Final answer:
Whether the claim that the mean annual income is greater in county A than in county B is supported depends on the results of statistical hypothesis testing. Although we cannot provide a definitive answer without specific data, the analysis typically involves setting up hypotheses, choosing a test statistic, and calculating a p-value. The choice of mean or median as a better measure depends on the presence of outliers in the data.
Step-by-step explanation:
To assess the claim that the mean annual income is greater in county A than in county B, statistical analysis can be performed using the sample means and standard deviations.
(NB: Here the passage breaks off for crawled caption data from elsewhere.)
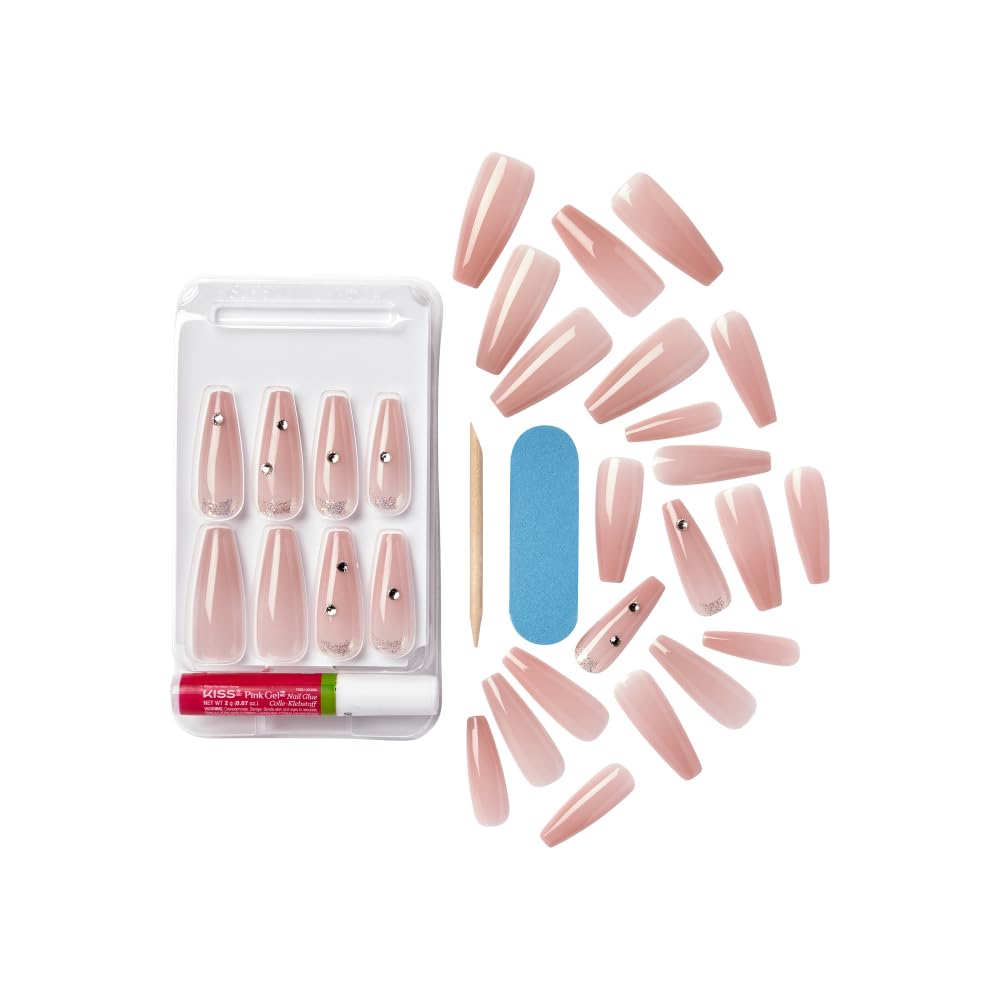 KISS False Nails Kit | Bare but Better Ready-to-Wear X-Long Coffin Nails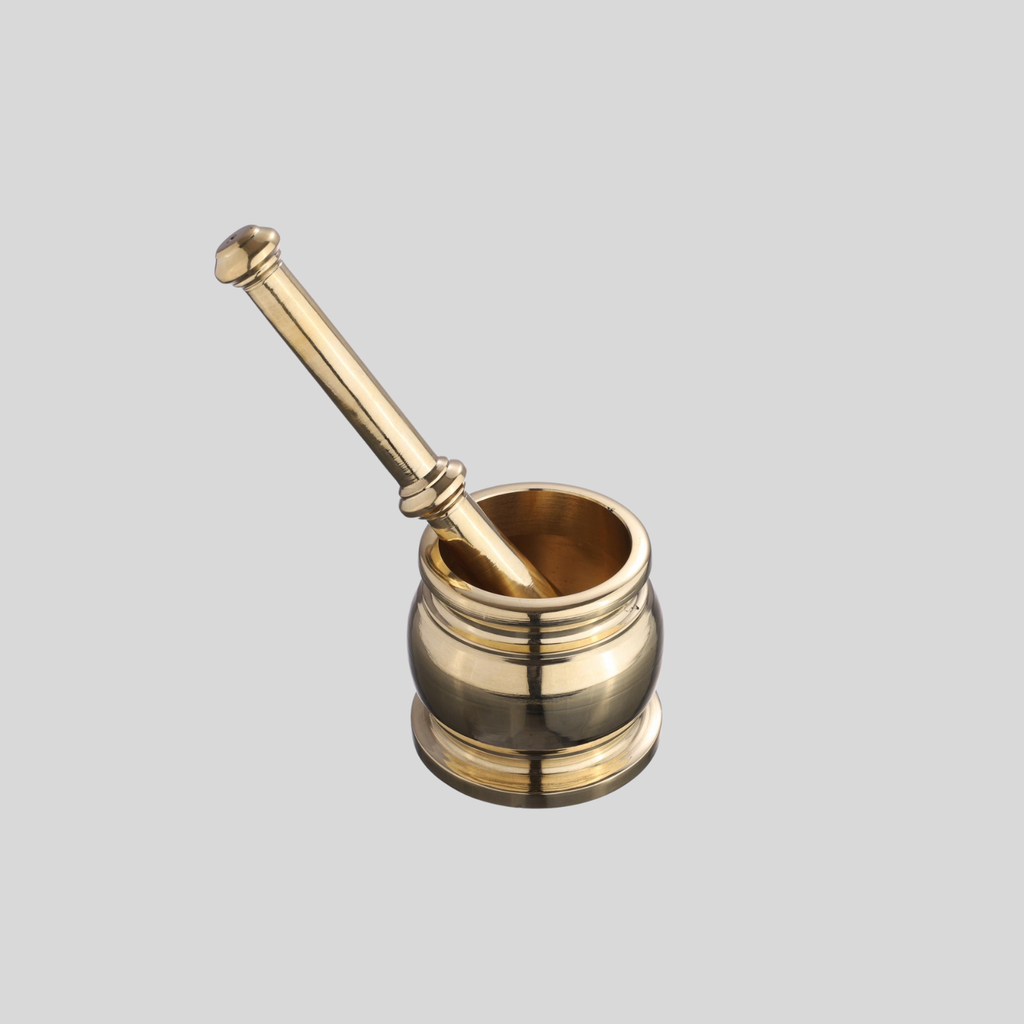 Round Brass Mortar & Pestle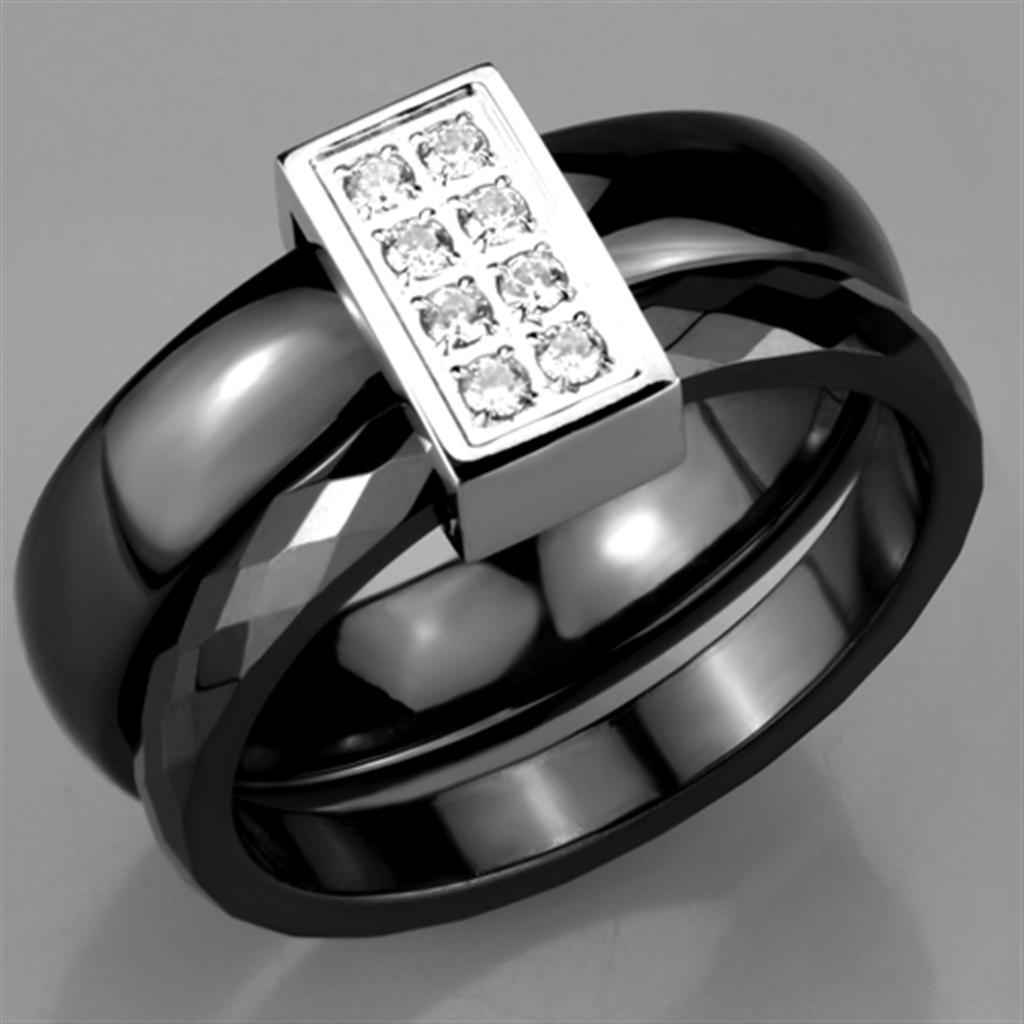 3W978 - High polished (no plating) Stainless Steel Ring with Ceramic in Jet-4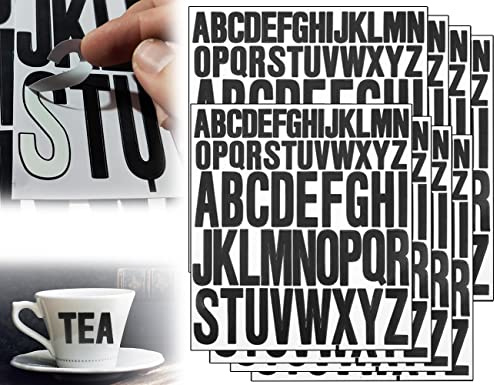 ZoeTekway 8 st svarta självhäftande bokstäver, 25/50 mm stora självhäftande bokstäver, självhäftande vinyl alfabetiska bokstäver, för scrapbooking, hantverk, postlådor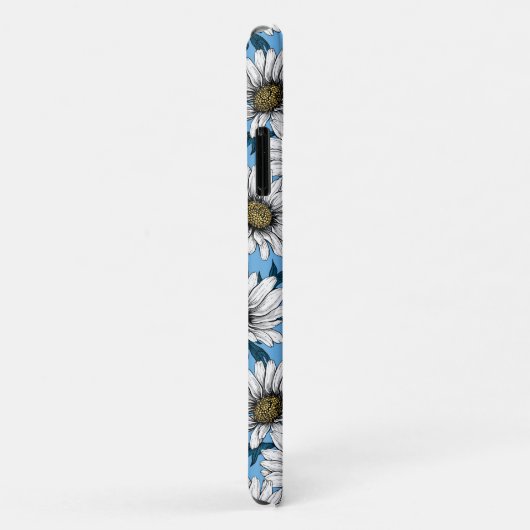 Daisies, wilde bloemen op blauw Case-Mate iPhone case (Achterkant/rechts)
Since we do not have specific numerical values, we cannot directly affirm or refute the claim here. However, if one were to conduct a hypothesis test, they would typically set up null and alternative hypotheses, choose an appropriate test statistic (e.g., the t-test for means), and then calculate the probability (p-value) to determine if there is a statistically significant difference in the means of the two counties.
In general, it is indeed possible for the standard deviation to be greater than the average in distributions where there is a wide spread of data. The likelihood that the average salary falls within a certain range depends on the standard deviation, so if it's narrower (smaller standard deviation), it's more likely that the average would fall within a close range to the mean. Regarding the example of Company A and Company B, a hypothesis test analyzing the sample means and standard deviations might support the claim if the calculated p-value is less than the chosen significance level.
For the normal distribution example with a claim that the mean is greater than 12, a sample mean of 12.5 with a sample size of 36 could support this claim if the test statistic falls in the critical region of the chosen significance level.
The better measure of the center (mean or median) in a town with one high earner and many lower earners would likely be the median because it is not as sensitive to outliers as the mean is.